## DIRECTIONS FOR THIS TASK
Leave the pictures out and repeat the rest of the data below exactly.

## DATASET SECTION

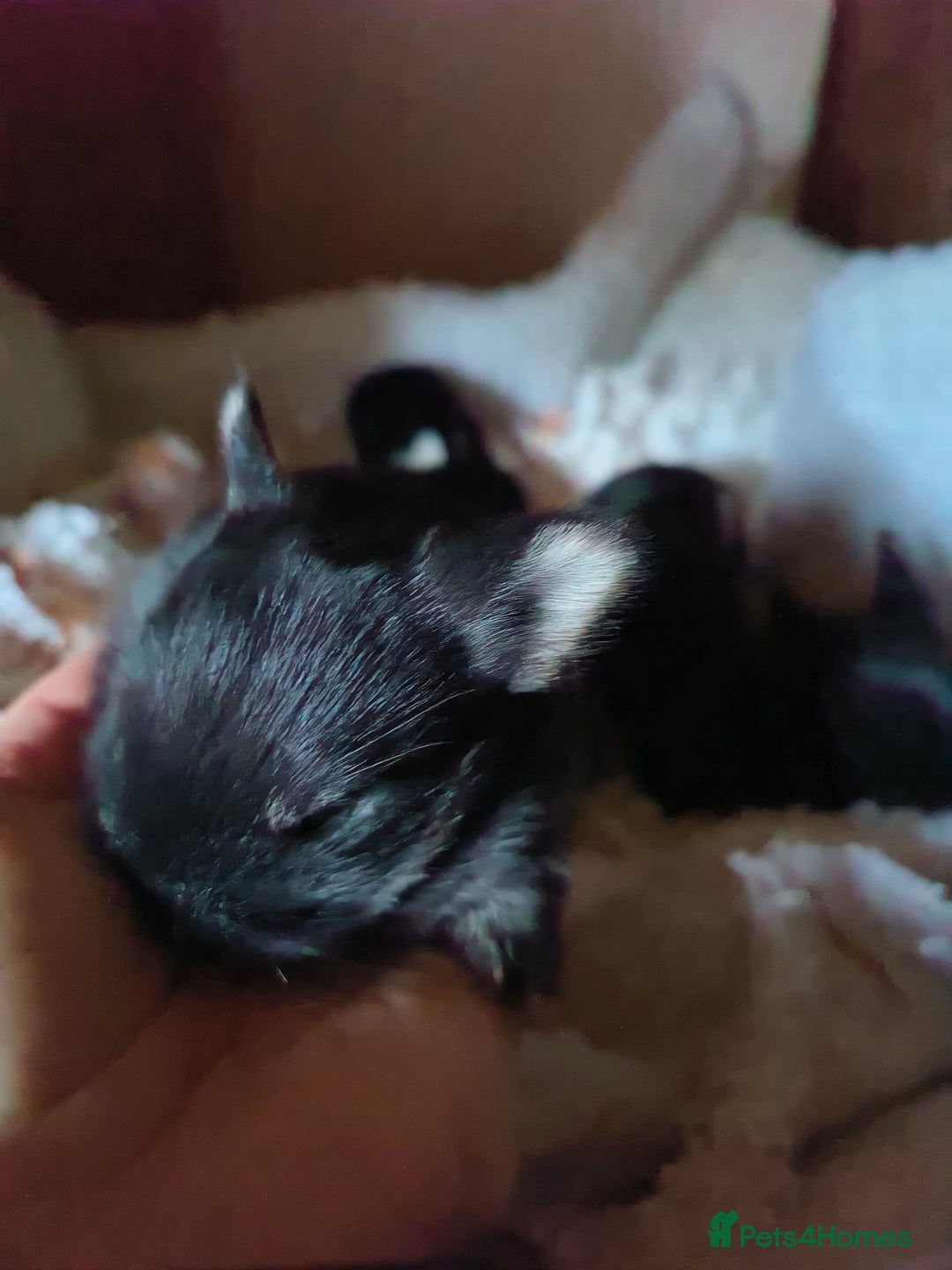 Mixed Breed rabbits for sale: Adorable Baby Bunnies Looking for Loving Homes 🐇 - Image 5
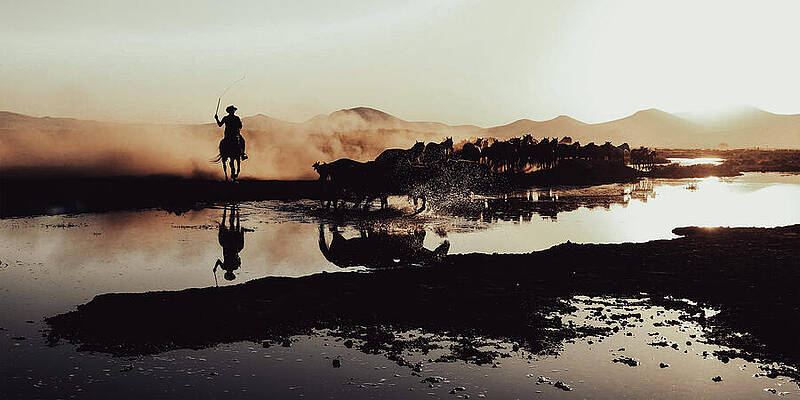 Water Photograph - Cowboy Herding Wild Horses by Printed View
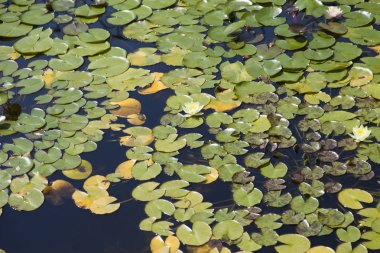 Nilüferler bir havuzda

## OUTPUT
 Mixed Breed rabbits for sale: Adorable Baby Bunnies Looking for Loving Homes 🐇 - Image 5
 Water Photograph - Cowboy Herding Wild Horses by Printed View
 Nilüferler bir havuzda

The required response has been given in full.